EXERCISE GOAL -
Please copy out the entries below exactly, beginning with the line that contains "Location Of The" and ending with the line that contains "Innovators ...", and include nothing outside that span.
*** Opening LISTED ENTRIES ***
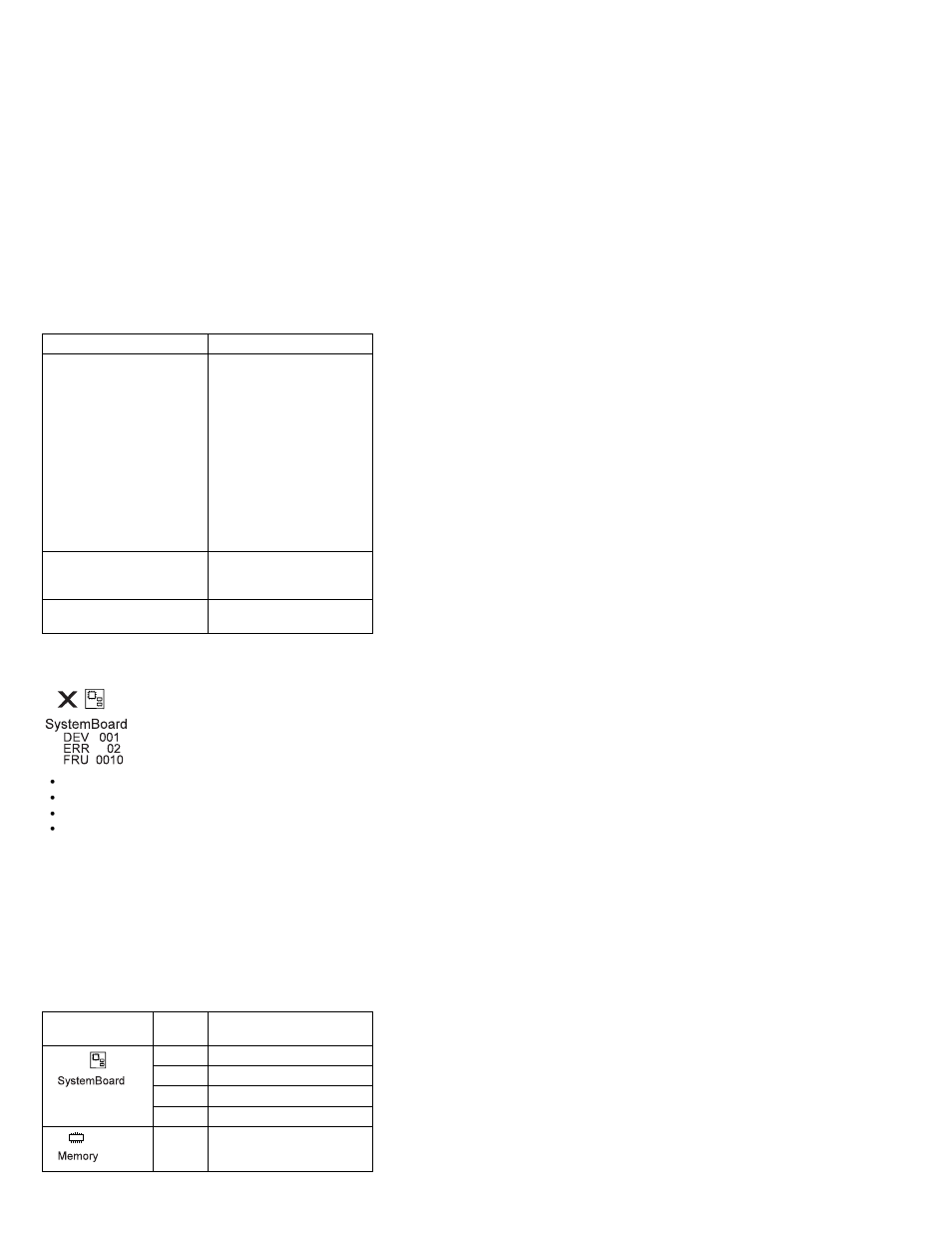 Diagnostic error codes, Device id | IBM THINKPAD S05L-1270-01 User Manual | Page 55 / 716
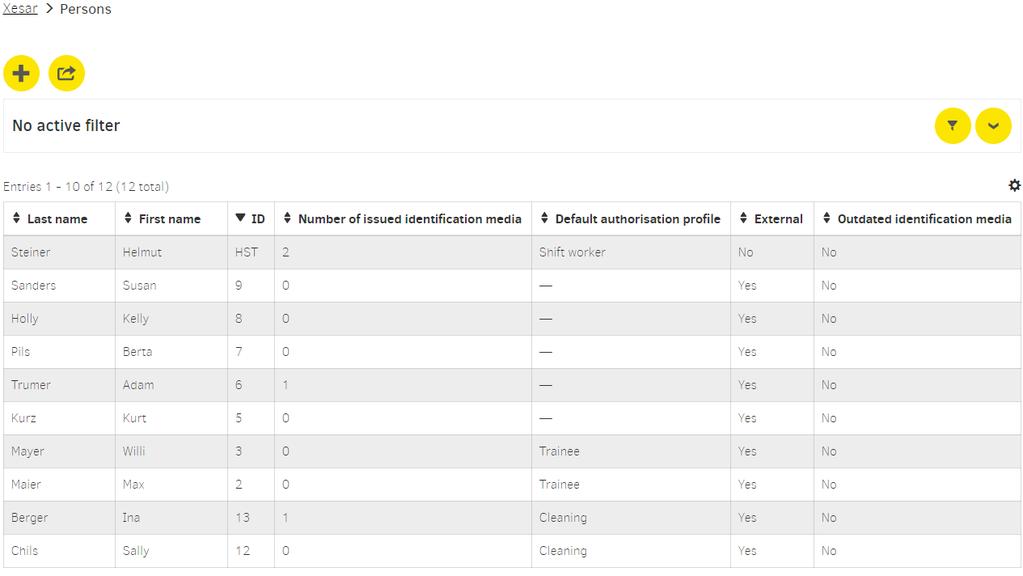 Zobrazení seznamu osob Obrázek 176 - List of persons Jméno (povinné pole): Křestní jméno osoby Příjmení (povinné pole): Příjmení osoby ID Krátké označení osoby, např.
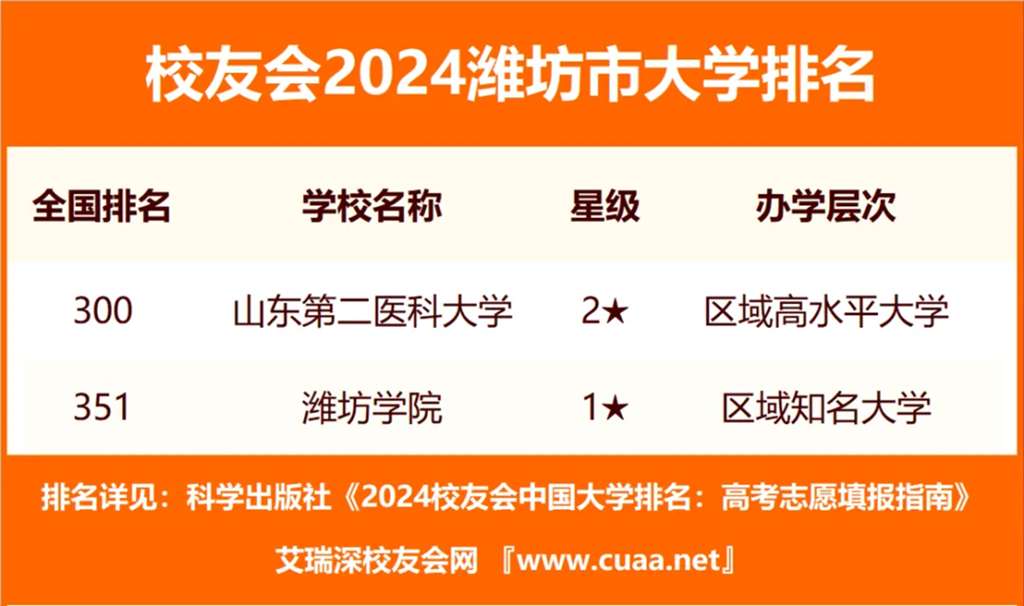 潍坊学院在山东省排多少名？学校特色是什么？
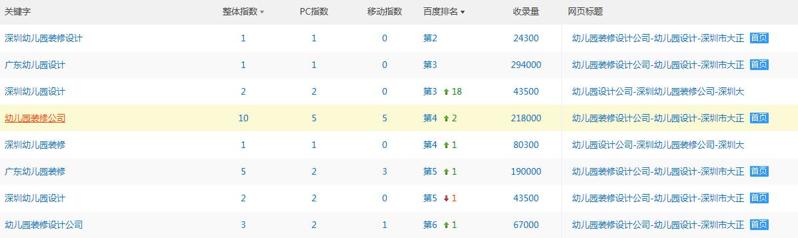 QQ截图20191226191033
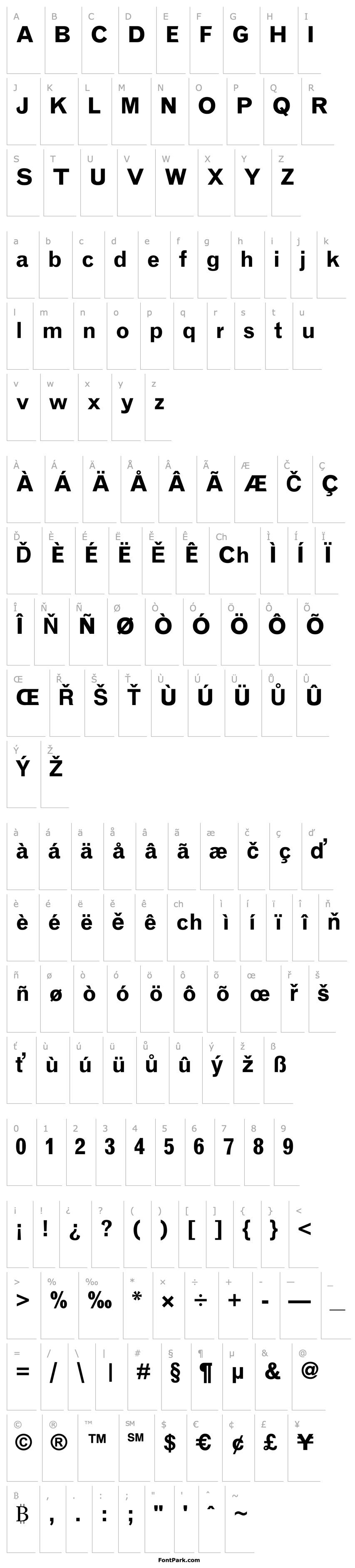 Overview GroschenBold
*** Closing LISTED ENTRIES ***
*** Opening LISTED ENTRIES ***
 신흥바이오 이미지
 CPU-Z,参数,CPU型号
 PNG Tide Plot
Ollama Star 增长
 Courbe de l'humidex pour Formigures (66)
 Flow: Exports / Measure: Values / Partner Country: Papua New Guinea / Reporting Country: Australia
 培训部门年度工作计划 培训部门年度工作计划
*** Closing LISTED ENTRIES ***
*** Opening LISTED ENTRIES ***
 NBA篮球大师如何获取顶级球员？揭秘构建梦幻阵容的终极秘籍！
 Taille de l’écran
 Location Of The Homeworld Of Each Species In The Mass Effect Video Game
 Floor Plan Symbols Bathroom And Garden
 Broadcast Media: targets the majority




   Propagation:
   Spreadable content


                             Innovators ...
*** Closing LISTED ENTRIES ***
RESPONSE TO THIS TASK -
 Location Of The Homeworld Of Each Species In The Mass Effect Video Game
 Floor Plan Symbols Bathroom And Garden
 Broadcast Media: targets the majority




   Propagation:
   Spreadable content


                             Innovators ...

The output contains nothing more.